Aymen Souda

Personal information
- Date of birth: 28 February 1993 (age 33)
- Place of birth: Nice, France
- Height: 1.78 m (5 ft 10 in)
- Position: Forward

Team information
- Current team: Dobrudzha
- Number: 10

Senior career*
- Years: Team / Apps / (Gls)
- 2012–2013: Paraná / 1 / (0)
- 2014–2015: Étoile du Sahel / 4 / (0)
- 2015: Kasserine / 3 / (0)
- 2016: Lokomotiv GO / 10 / (1)
- 2016: Lokomotiv Plovdiv / 2 / (0)
- 2017–2018: Pirin Blagoevgrad / 21 / (3)
- 2018–2019: Dunărea Călărași / 17 / (0)
- 2019–2020: Livingston / 19 / (2)
- 2021: Sète / 13 / (2)
- 2021–2022: Orléans / 9 / (2)
- 2022–2023: RC Grasse / 24 / (9)
- 2023–2025: Pirin Blagoevgrad / 59 / (20)
- 2025: Botev Vratsa / 13 / (0)
- 2025-2026: Al-Qasim SC / 6 / (0)
- 2026: Dobrudzha / 2 / (0)

= Aymen Souda =

French footballer (born 1993)

Aymen Souda (born 28 February 1993) is a French professional footballer who plays as a forward for Bulgarian club Dobrudzha.

==Career==
Souda was born in Nice.
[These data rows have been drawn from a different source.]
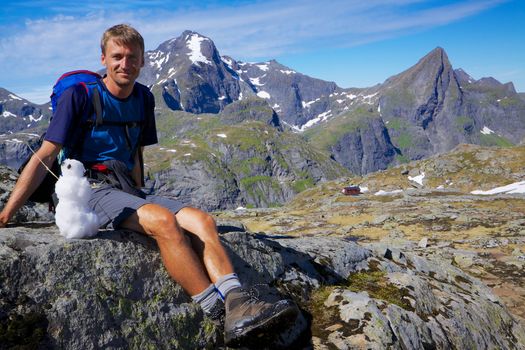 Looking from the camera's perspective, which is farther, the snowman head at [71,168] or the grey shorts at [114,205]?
the grey shorts at [114,205]

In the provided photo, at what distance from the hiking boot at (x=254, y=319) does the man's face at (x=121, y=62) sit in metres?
5.50

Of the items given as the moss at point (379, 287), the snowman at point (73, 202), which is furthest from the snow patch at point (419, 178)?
the snowman at point (73, 202)

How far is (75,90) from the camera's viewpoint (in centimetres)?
809

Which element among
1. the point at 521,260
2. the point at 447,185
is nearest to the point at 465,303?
the point at 521,260

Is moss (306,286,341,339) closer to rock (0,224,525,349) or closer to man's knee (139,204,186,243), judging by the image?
rock (0,224,525,349)

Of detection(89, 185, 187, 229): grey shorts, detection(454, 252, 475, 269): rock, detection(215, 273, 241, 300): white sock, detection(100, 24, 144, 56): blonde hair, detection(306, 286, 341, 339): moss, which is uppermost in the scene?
detection(100, 24, 144, 56): blonde hair

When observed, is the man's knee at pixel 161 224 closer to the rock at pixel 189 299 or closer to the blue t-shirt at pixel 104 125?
the rock at pixel 189 299

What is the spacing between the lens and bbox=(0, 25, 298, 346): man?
21.6 ft

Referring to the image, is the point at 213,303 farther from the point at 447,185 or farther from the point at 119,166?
the point at 447,185

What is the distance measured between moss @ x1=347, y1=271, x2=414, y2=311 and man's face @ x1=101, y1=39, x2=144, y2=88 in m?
7.93

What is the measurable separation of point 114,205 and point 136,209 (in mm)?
564

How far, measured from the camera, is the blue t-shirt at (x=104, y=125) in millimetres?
7922

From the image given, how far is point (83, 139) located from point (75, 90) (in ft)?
3.61

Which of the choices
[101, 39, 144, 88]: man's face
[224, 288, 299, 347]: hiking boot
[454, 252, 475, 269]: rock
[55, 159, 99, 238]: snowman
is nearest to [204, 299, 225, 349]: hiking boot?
[224, 288, 299, 347]: hiking boot
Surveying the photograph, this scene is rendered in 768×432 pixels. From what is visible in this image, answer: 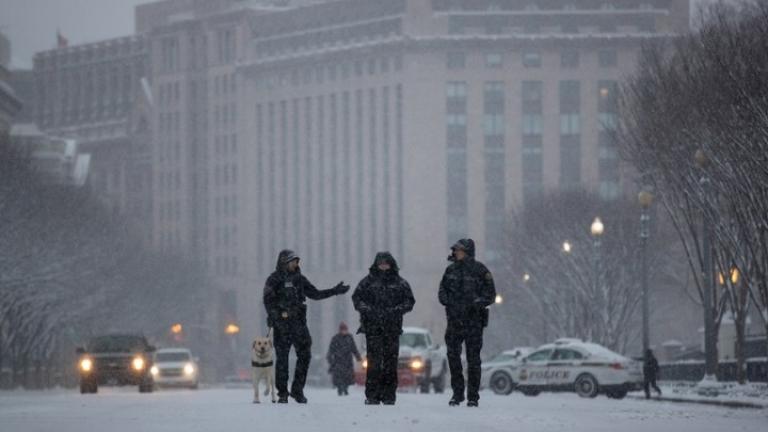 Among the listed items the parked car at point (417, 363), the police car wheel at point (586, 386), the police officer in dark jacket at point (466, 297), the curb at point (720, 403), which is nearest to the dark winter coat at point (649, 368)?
the police car wheel at point (586, 386)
He trained originally with Nice, he has previously played in Brasil, Tunisia, Bulgaria, Romania and Scotland.

In February 2021, Souda signed with Sète.

In June 2022, Souda moved down to the fourth-tier Championnat National 2 and signed with RC Grasse.

==Personal life==
Born in France, Souda is of Tunisian descent.